Jay Malone is a Canadian comedian from Kentville, Nova Scotia.

== Early career ==
Malone began doing standup comedy in 1999 while studying at the University of New Brunswick in Fredericton. He entered a comedy competition at a local pool hall called the "Right Spot" on a dare and made it all the way to the semi-finals. The following summer, after doing shows around town with a short lived sketch/standup troupe in Fredericton, Malone made the move to Toronto to pursue comedy full-time. Within two years he was headlining across the country and appearing on television in both national and international commercials and comedic series. He made three straight appearances at the Halifax Comedy Festival (2003, 2004, 2005) and was featured on The Toronto Show (Toronto One) in 2003.
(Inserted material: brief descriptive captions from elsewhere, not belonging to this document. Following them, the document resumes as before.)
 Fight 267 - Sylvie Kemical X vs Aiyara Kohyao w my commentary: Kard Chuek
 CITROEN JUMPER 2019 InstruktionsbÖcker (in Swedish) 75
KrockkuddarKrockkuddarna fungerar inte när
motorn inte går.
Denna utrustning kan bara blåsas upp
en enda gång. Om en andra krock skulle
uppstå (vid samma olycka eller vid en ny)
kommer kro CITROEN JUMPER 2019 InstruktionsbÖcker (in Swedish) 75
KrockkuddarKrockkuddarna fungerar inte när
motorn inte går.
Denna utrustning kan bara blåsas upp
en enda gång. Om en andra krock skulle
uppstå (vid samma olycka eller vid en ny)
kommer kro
In 2004 Malone was invited to the prestigious Just For Laughs Festival to perform in the national Homegrown Competition. He took first place in the contest and was immediately signed with a US management/agency team. Later that year he was flown to Los Angeles where he met with casting agents in Hollywood and would return in February/March the next year to audition for network sitcoms. In the fall of 2004 Malone shot his first nationally televised special, a one-hour episode of the standup series Comedy Now! on CTV and The Comedy Network. The special was chosen by the network to be the 100th episode special and received nationwide critical acclaim.
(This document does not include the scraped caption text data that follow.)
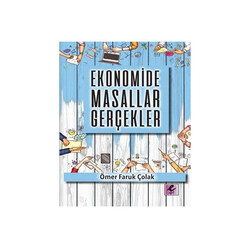 ​Ekonomide Masallar Gerçekler Efil Yayınevi - Efil Yayınevi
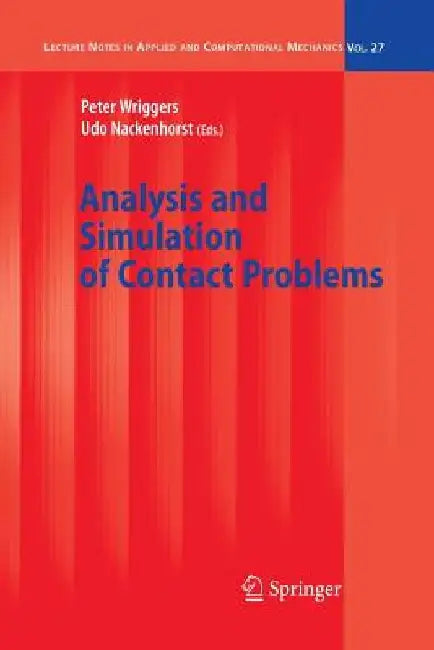 Analysis and Simulation of Contact Problems by Peter Wriggers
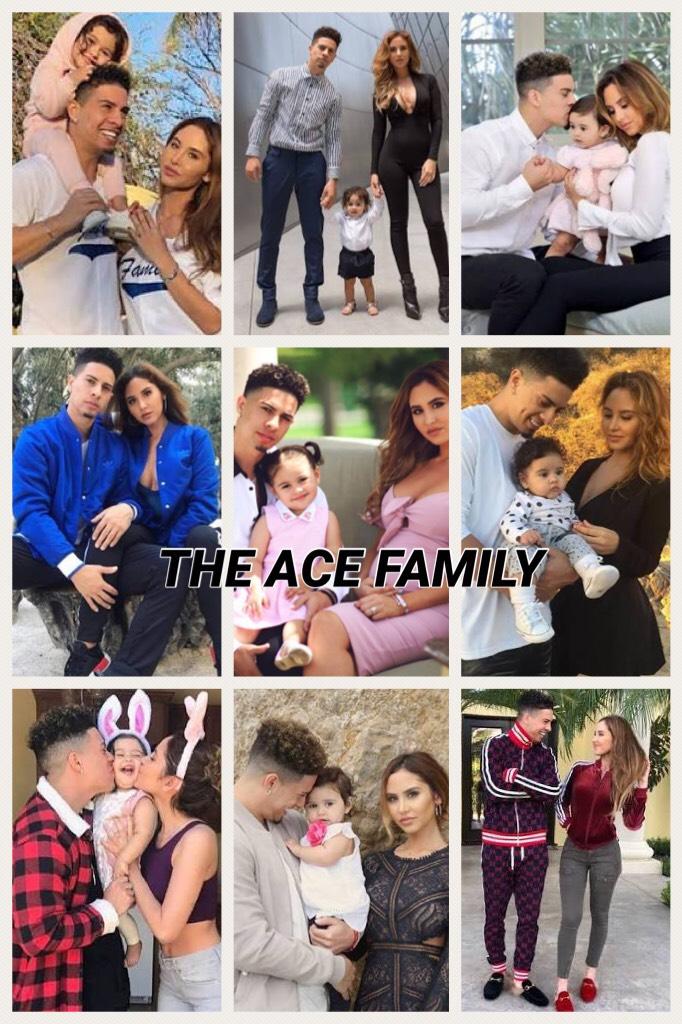 THE ACE FAMILY!!! 😍😍😍❤️❤️❤️😘😘😘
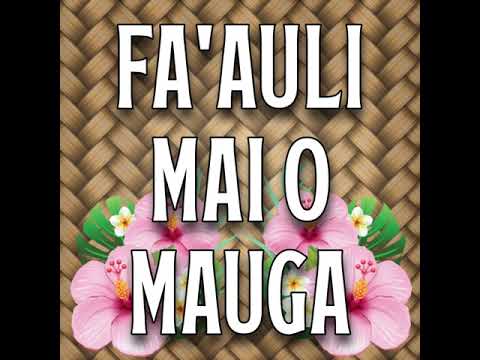 Fa'auli mai o mauga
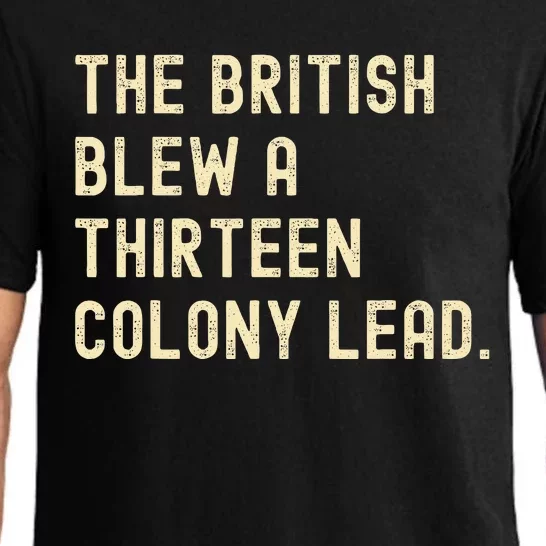 Funny The British Blew A Thirteen Colony Lead Pajama Set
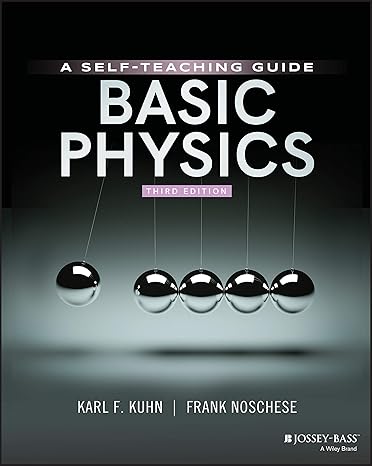 basic physics a self teaching guide 3rd edition karl f kuhn ,frank noschese 111962990x, 978-1119629900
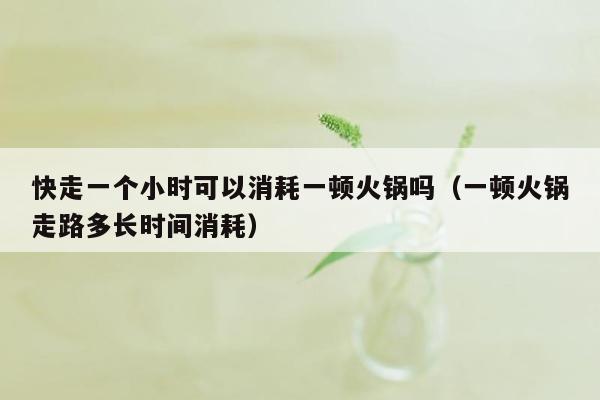 快走一个小时可以消耗一顿火锅吗（一顿火锅走路多长时间消耗）
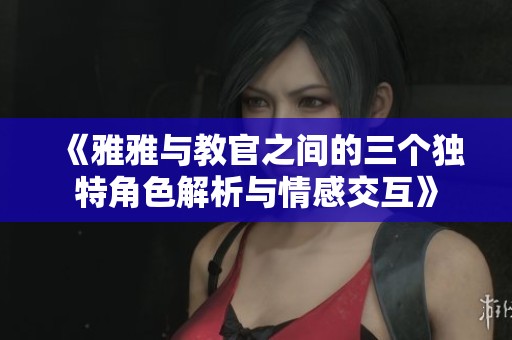 《雅雅与教官之间的三个独特角色解析与情感交互》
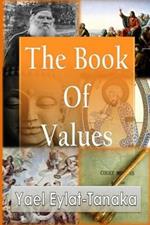 The book of values. An inspirational guide to our moral dilemmas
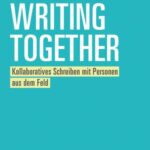 Writing Together: Kollaboratives Schreiben mit Personen aus dem Feld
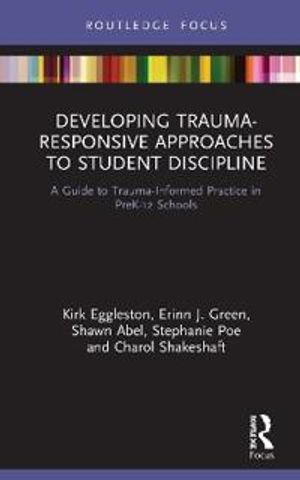 Developing Trauma-Responsive Approaches to Student Discipline | 1:a upplagan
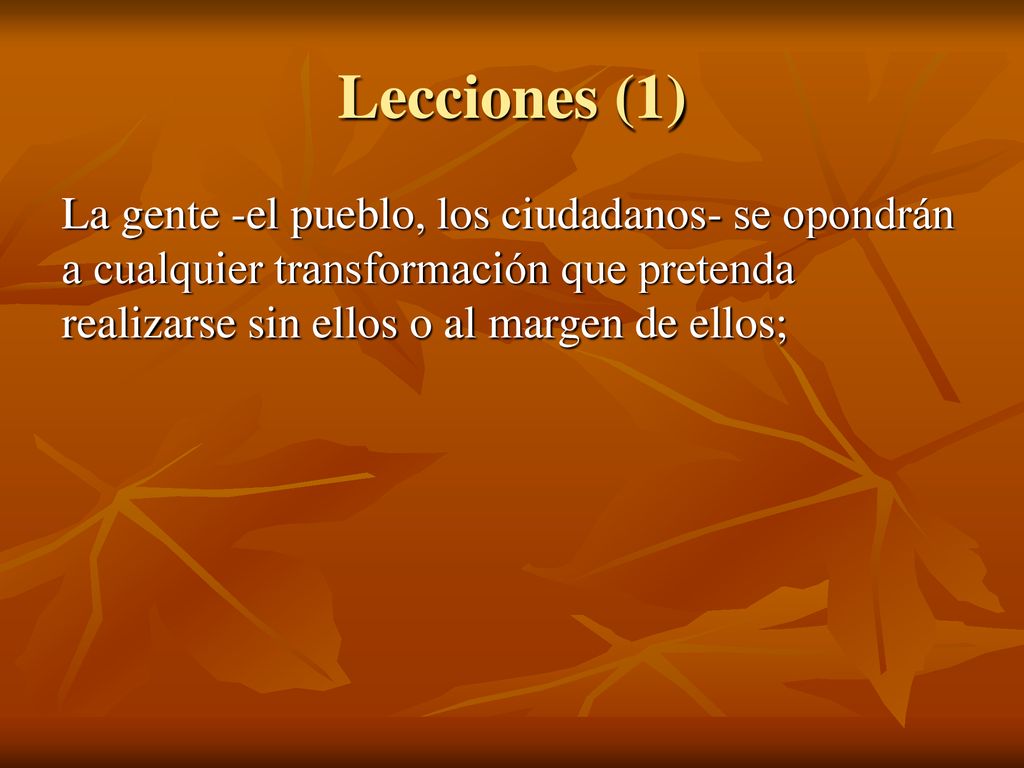Lecciones (1) La gente -el pueblo, los ciudadanos- se opondrán a cualquier transformación que pretenda realizarse sin ellos o al margen de ellos;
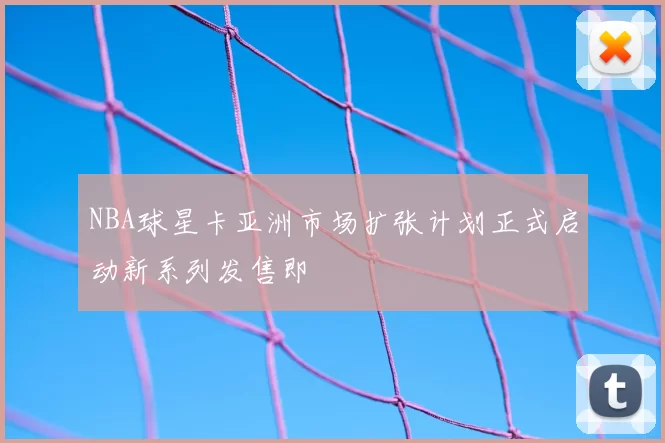 NBA球星卡亚洲市场扩张计划正式启动新系列发售即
In 2005 Malone returned to the Just For Laughs Festival to shoot a gala for CBC Television. He is one of only two comedians to have won the Homegrown Competition and be invited back to perform a gala the very next year. Also in 2005, he was nominated in the "Best Male Standup Comic" category at the Canadian Comedy Awards. The CTV sketch comedy series Comedy Inc. commissioned Malone to write sketches for the show in 2005. In 2006, Malone was hired on staff by the show and was featured in a few sketches and went on to write for the show for three seasons. Later that same year he shot a pilot for CTV and the Comedy Network, called House Party, co-starring David Reale.

== Move to Los Angeles ==
Malone made the official move to Los Angeles in August 2007 after obtaining his O-1 Visa. Shortly thereafter he began doing commercials and was cast in his first guest starring role on Boston Legal the following year. He followed that up in the summer of 2008 by being cast in the Pilot Worst Week for CBS and the pilot Man Of Your Dreams for NBC.
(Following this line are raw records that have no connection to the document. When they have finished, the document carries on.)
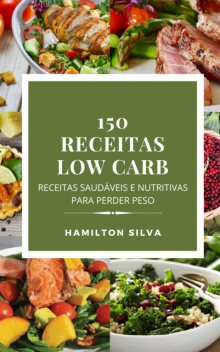 150 Receitas Low Carb, Hamilton Silva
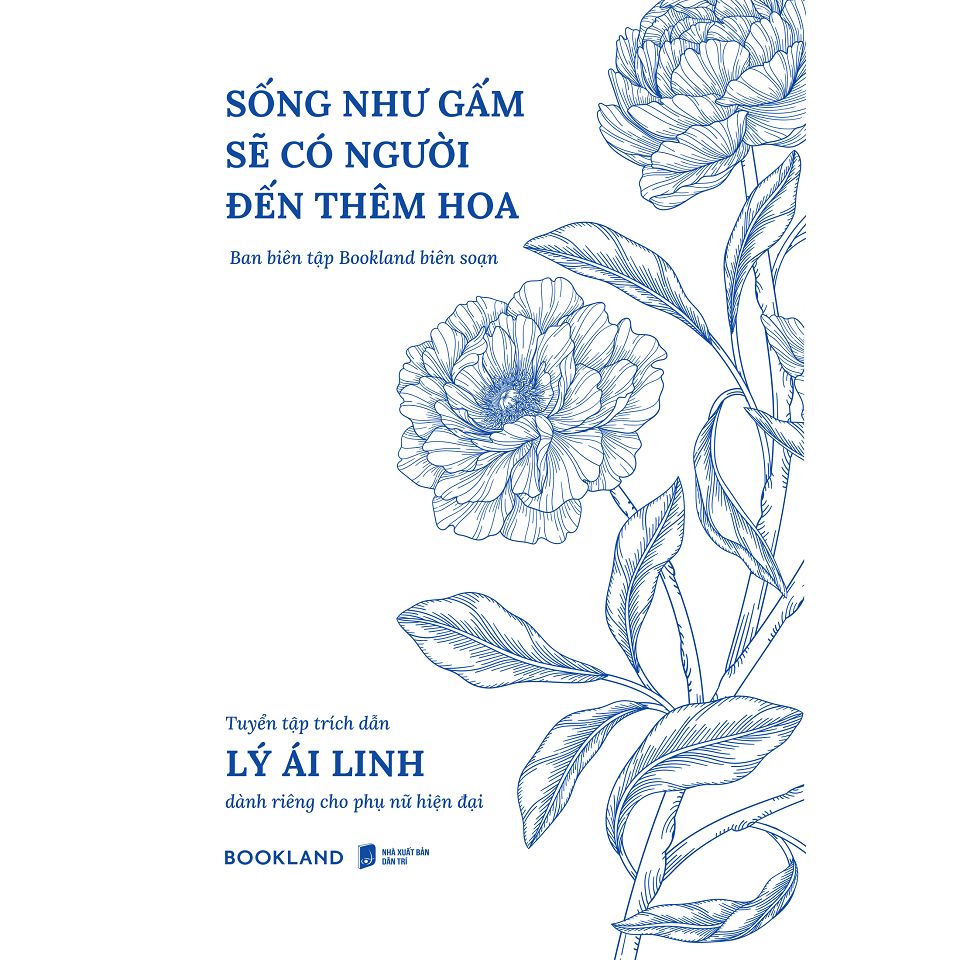  Sách - Sống Như Gấm Sẽ Có Người Đến Thêm Hoa 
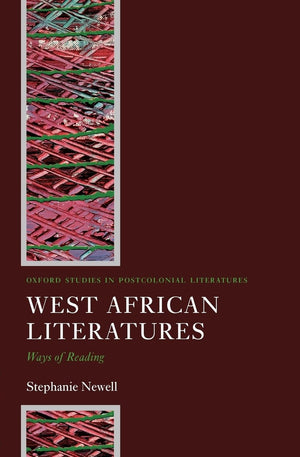 West African Literatures: Ways of Reading (Oxford Studies in Postcolonial Literatures),Used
In 2009 Malone guest starred opposite Chris O'Donnell on an episode of NCIS: Los Angeles as a tax evading video game company CEO. He also guest starred as corrupt police officer "Russell DiMarco" on an episode of Monk opposite Tony Shalhoub. In November 2009 Malone was awarded a Development Deal with FOX for his Animated Short: SANTA INTERVENTION, which was awarded first prize in the international animation competition "The FOX Holiday Challenge". He followed up that animation with an animated version of the Tiger Woods Apology which has received over 2 million views. Malone is currently developing another animated series which he will be pitching to networks this spring.

In 2010 Malone guest starred in Dollhouse as Clyde Randolph opposite Eliza Dushku and Harry Lennix and starred in an independent comedy by film maker/comedian Mark Bennett titled The Zombie Hell House Massacre IV. He also shot his own 30 minute standup special for the Showtime comedy series "Laugh Out Loud"

2011 was a busy year for Malone as he continued to headline across the US and Canada and was cast in his first two feature films. He plays the Algebra teacher in the upcoming film "Struck By Lightning" with Chris Colfer, Christina Hendricks, and Allison Janney. He also played the fast talking, soulless Loan Manager in the upcoming independent feature film "Dumbells" directed by Christopher Livingston. He also wrote for the MTV movie awards, the 2011 NASCAR Awards, and the Pilot "Moral Dilemma" for BBC America.

In December 2011 Malone was cast as the lead in the "Untitled Conaco Project" for TBS alongside David Neher, Elizabeth Ho, Julie Haggerty and Barry Bostwick, directed by Beth McCarthy-Miller (SNL, 30 Rock, Modern Family). In the show he plays Mark Danson, a family man who quits his day job and returns to the neighborhood where he grew up. There, he reunites with his quirky childhood best friend Roland who still lives with his parents.

Malone also hosted "Shit Talk Daily" a weekly podcast with friend and fellow comedian Mark Bennett and wrote and starred in a semi-weekly video series called "Rapid Fire Tabloid News" with co-host Jay Hayden.

In August 2012, he began filming in Vancouver a 13-part CityTV comedy series called Package Deal, co-starring with Harland Williams.